There are also ethical and risk considerations in using AI to predict behavior. One concern is privacy: the more data companies analyze (from social media to personal transactions), the more they must safeguard consumer privacy and consent. Another is algorithmic bias. If the AI’s training data isn’t diverse enough, its predictions could be skewed towards the dominant cultural groups online – for instance, overemphasizing English-language urban sentiment and missing rural or non-English trends. Recognizing this, Indian stakeholders stress inclusivity in AI. The government’s IndiaAI program, for example, is pushing for open datasets in Indian languages and cultural contexts so that predictions aren’t blind to large swathes of the population.

Even when the data is sound, transparency and trust remain issues. AI can flag an upcoming trend, but if marketers can’t explain the rationale to management (the “black box” problem), it may breed skepticism. Moreover, as Vaibhav Gupta, co-founder of influencer platform KlugKlug, notes, the rise of AI-generated content itself demands caution. “Labeling AI-generated posts, applying robust fraud detection to weed out bots or fake followers, and maintaining human oversight in creative direction are no longer optional,” Gupta says. In other words, companies must clearly distinguish organic cultural signals from AI-fabricated ones. If an AI system starts auto-generating trendsetting content, it could distort the very culture it’s meant to measure. This blurring of lines raises ethical questions: Will AI predict culture, or begin to create culture? For now, Indian firms are treating AI as an aid, not a replacement – a powerful telescope for seeing further ahead, but not the star of the show.

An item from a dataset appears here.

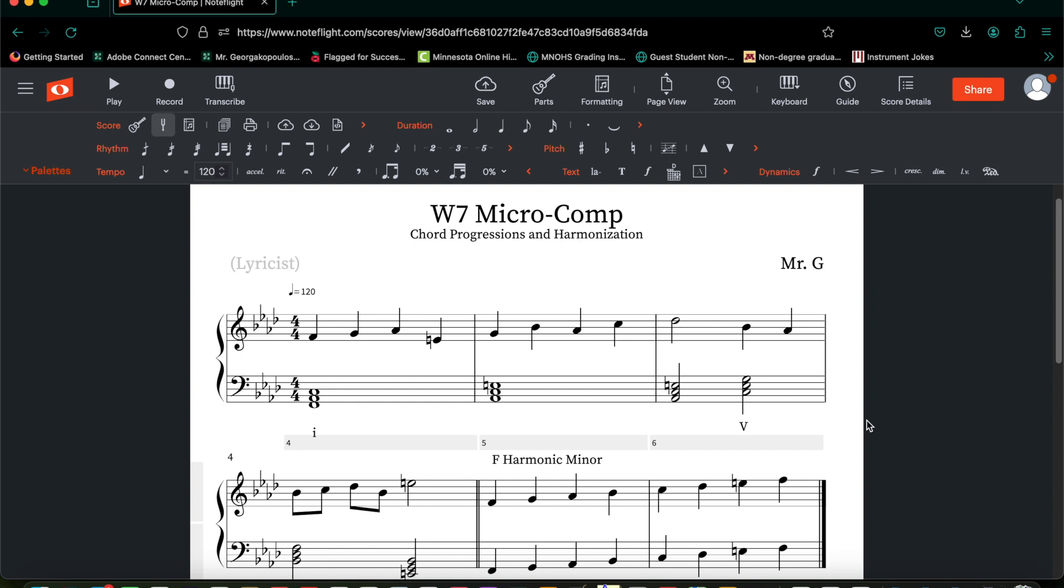Hello again everyone, this is Mr. G, and welcome to the video walkthrough for your week 7 micro-composition assignment. In this week, we're going to be finalizing what we wrote in week 5 and week 6, now adding intentional chord sequencing.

Crucially, regulators are also watching. A recent Competition Commission of India study flagged emerging risks of algorithmic collusion, opacity in AI decision-making, and unequal access to data and compute if AI adoption goes unchecked. The worry is that big companies with superior AI might shape market trends to their advantage, or that secret algorithms might inadvertently price-fix or discriminate, undermining consumer trust. To counter this, India is talking about “AI compliance culture” – ensuring that AI-driven predictions and decisions abide by fair practices and don’t stifle healthy competition.

In sum, AI has become an indispensable tool for India’s businesses to forecast cultural and consumer trends, but it’s a tool that must be used thoughtfully. The long-term success of cultural prediction will depend on a balanced approach: combining AI’s speed and scale with human creativity, ethics, and cultural intuition. “The future is AI-powered,” concludes ITC’s consumer insights head, after seeing productivity soar with AI in research. Yet, as India’s experience shows, the human touch – understanding the emotions, values and diversity behind the data – remains as crucial as ever. AI may learn fast, but Indian culture isn’t a code to be cracked; it’s a living, breathing narrative, one that technology and people will co-author together in the years to come.

Disclaimer: All quotes are either sourced directly or attributed to public statements.